CEP is, by defination, a technology to detect both opportunities and threats in distributed networks, in real-time, so it goes without saying that CEP is challenged by the same engineering tradeoffs that affect other detection-oriented systems.

A few weeks ago, I was discussing CEP with a CTO of one of Thailand’s largest telecommunications companies and he was very bullish on neural-based anomaly detection and from Esphion.

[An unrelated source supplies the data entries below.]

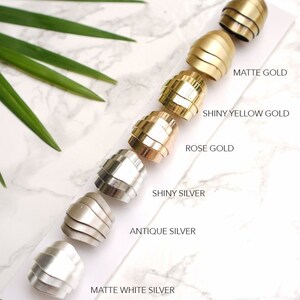 May include: A close-up of seven metal samples in different finishes, including matte gold, shiny yellow gold, rose gold, shiny silver, antique silver, and matte white silver. The samples are arranged in a row from left to right, with the matte gold sample at the top and the matte white silver sample at the bottom. The samples are all the same shape and size, and they are all made of a smooth, shiny metal.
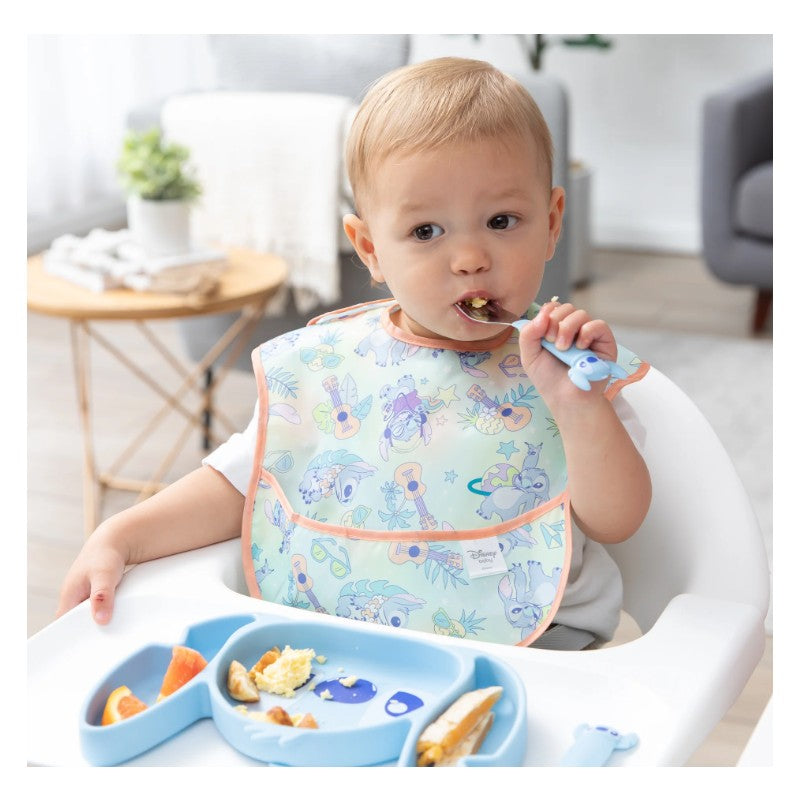 A toddler wearing a Stitch-themed silicone bib eats from a blue grip dish with assorted food items, including fruit.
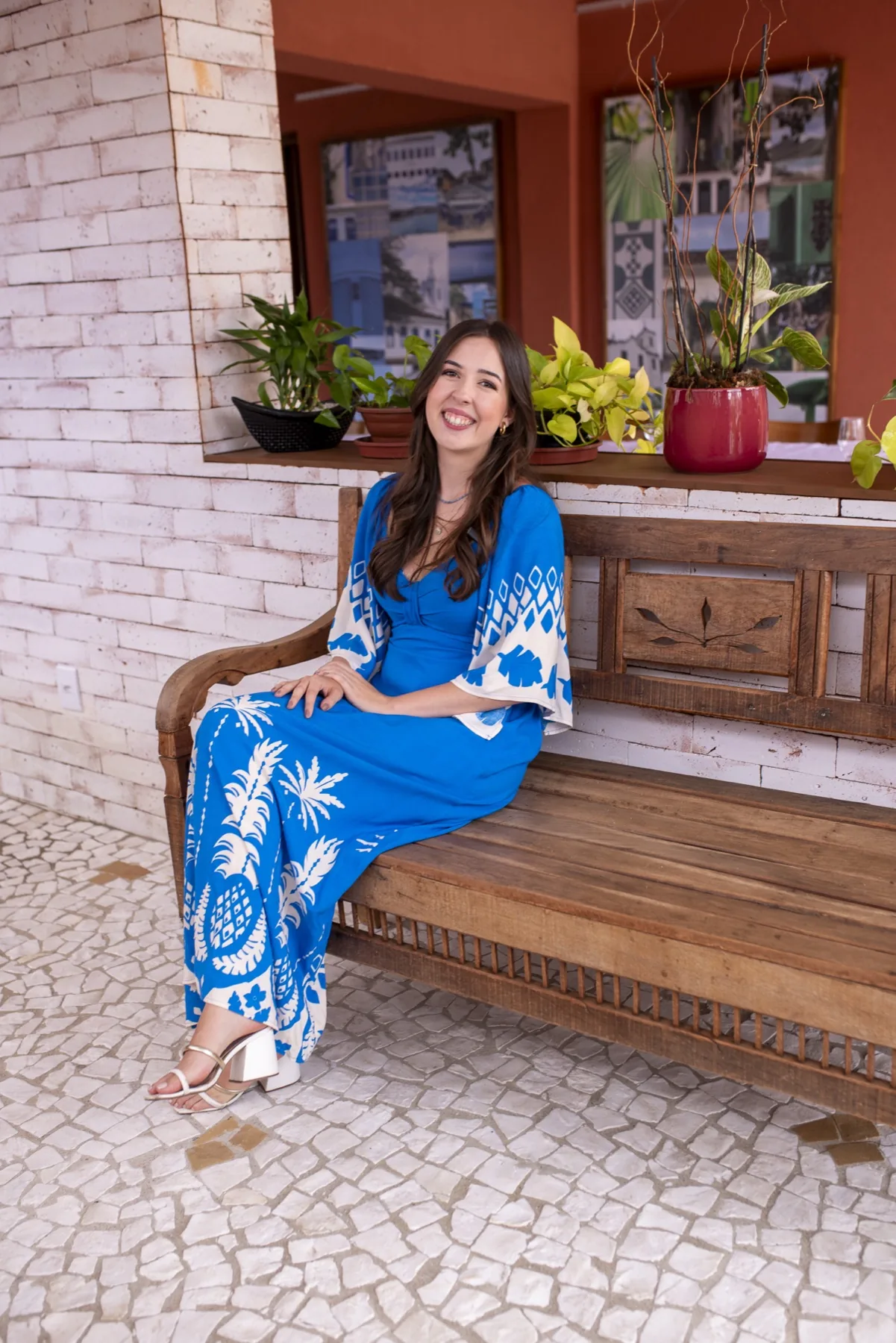 Tatiana Lucasin sorrindo, sentada em um banco de madeira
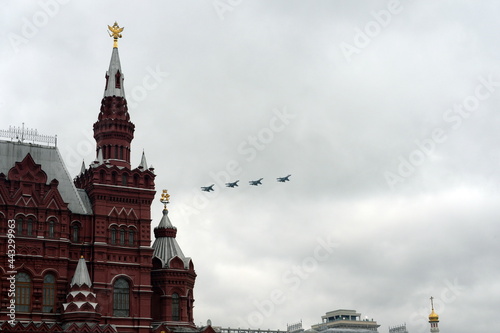 Photography A group of SU-35S multi-purpose fighters in the sky over Moscow's Red Square dur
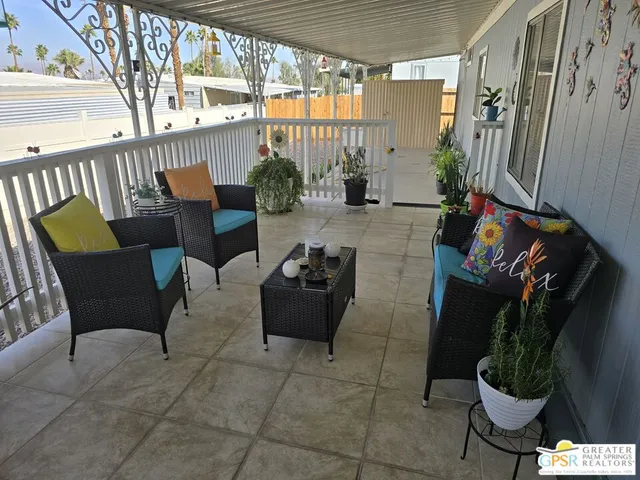 a living room with patio furniture and a potted plant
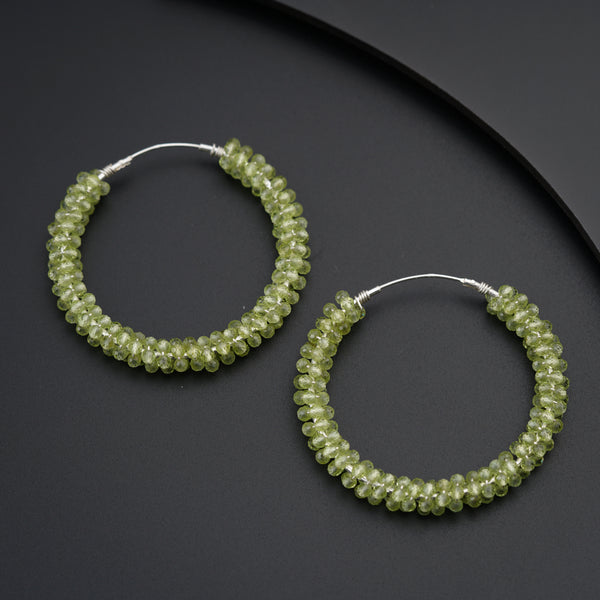 a pair of green beaded hoop earrings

First generation detection systems rely on determinism, which is generally rule-based, and known to be insufficient for more complex real-time problems.  Esphion uses neural agents to gathering information on network activity and then creates a unifying situational infrastructure to protect against previously unknown threats.   For example, a fast spreading threat, such as the SQL/Slammer worm, will have reached all possible targets faster than any signature can be published or rule can be written, as mentioned in Worm detection – You need to do it yourself.

Since CEP is designed and marketed as a technology that brings real-time advantages to the detection of both opportunties and threats, we must ask ourselves the question why do all the current CEP software vendors fail to provide non-deterministic methods that are proven to adapt to a rapidly changing world?  

In Anomaly Detection 101, Esphion does a great job of describing how they do not rely on any pre-specified rules, baselines, models, signatures, or any other apriori knowledge.   They claim, and my highly respected telecommunications CTO colleague confirms, that there is no prior knowledge required and their customers are no longer adversely affected by zero-day anomalies or changing network conditions.

The technology behind Esphion does is what I would call complex event processing.